Fanning the Flames: Pyroptosis in Infection, Cancer and Neurodegeneration

17 October 2024, 2.00 PM - 17 October 2024, 3.00 PM

Judy Lieberman (Endowed Chair in Cellular and Molecular Medicine, Boston Children’s Hospital & Professor of Pediatrics, Harvard Medical School)

online

Hosted by the School of Medicine at Cardiff University

Prof. Lieberman will discuss inflammatory cell death triggered when intracellular sensors detect pathogens or sterile signs of cellular danger and how it contributes to disease.

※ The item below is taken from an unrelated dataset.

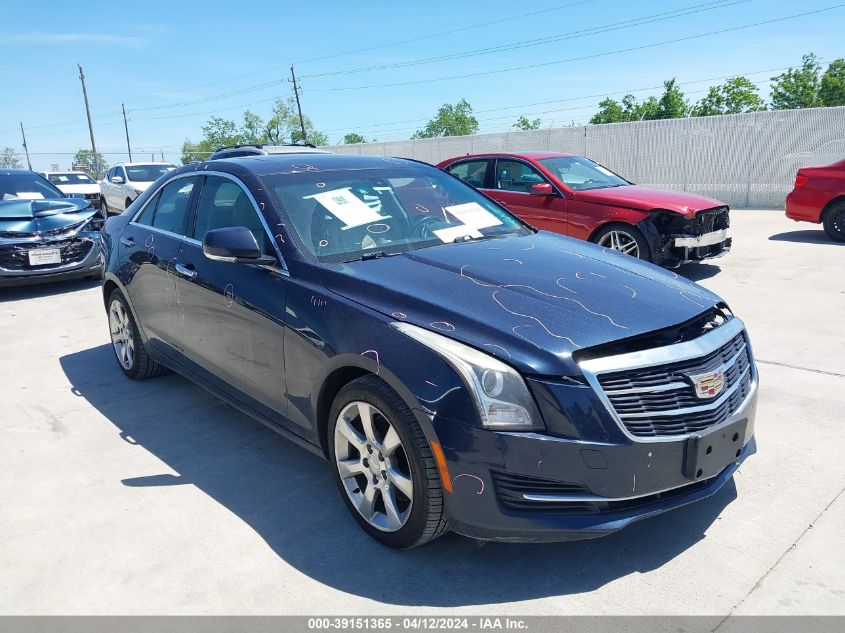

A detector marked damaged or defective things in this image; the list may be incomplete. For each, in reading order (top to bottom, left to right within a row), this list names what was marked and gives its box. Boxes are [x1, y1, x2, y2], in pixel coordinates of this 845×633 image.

Register for your free place on Eventbrite

Judy Lieberman holds an Endowed Chair in Cellular and Molecular Medicine at Boston Children’s Hospital and is Professor of Pediatrics at Harvard Medical School. She graduated from Radcliffe College, Harvard, received a PhD in theoretical physics at Rockefeller and an MD in the joint Harvard MIT Program in Health Sciences and Technology. Before medical school, she was a high energy theoretical physicist, member of the Institute for Advanced Study in Princeton, and researcher at Fermilab studying elementary particles, quantum field theory and general relativity. She was a postdoc with Herman Eisen in the Cancer Center at MIT and trained in internal medicine and hematology and worked as a hematologist/oncologist at New England Medical Center. She is a member of the National Academy of Sciences.

Her lab studies the innate and adaptive immune response to infection and cancer. They described the mechanisms used by killer lymphocytes (cytotoxic T cells and NK) to destroy cells targeted for immune elimination and protect us from infection and cancer. She also uncovered novel mechanisms by which killer lymphocytes kill microbial pathogens. She was the first to describe T cell exhaustion in humansand to test antigen-specific T cell therapy. More recently she uncovered the molecular basis for inflammatory death (pyroptosis), which lies at the root of inflammation, sepsis and cytokine release syndrome. Recent work identified important roles for pyroptosis in SARS-CoV-2, Yersinia, and Group A streptococcal infections, in immune control of cancer and in neurodegeneration. She also identified an inhibitor of pyroptosis. She was the first to show that small interfering RNAs could be used as drugsand to develop methods of cell-targeted RNA delivery. Her laboratory is currently investigating the use of aptamer-linked siRNAs for cancer therapy. They also uncovered roles of microRNAs and lncRNAs in regulating cancer.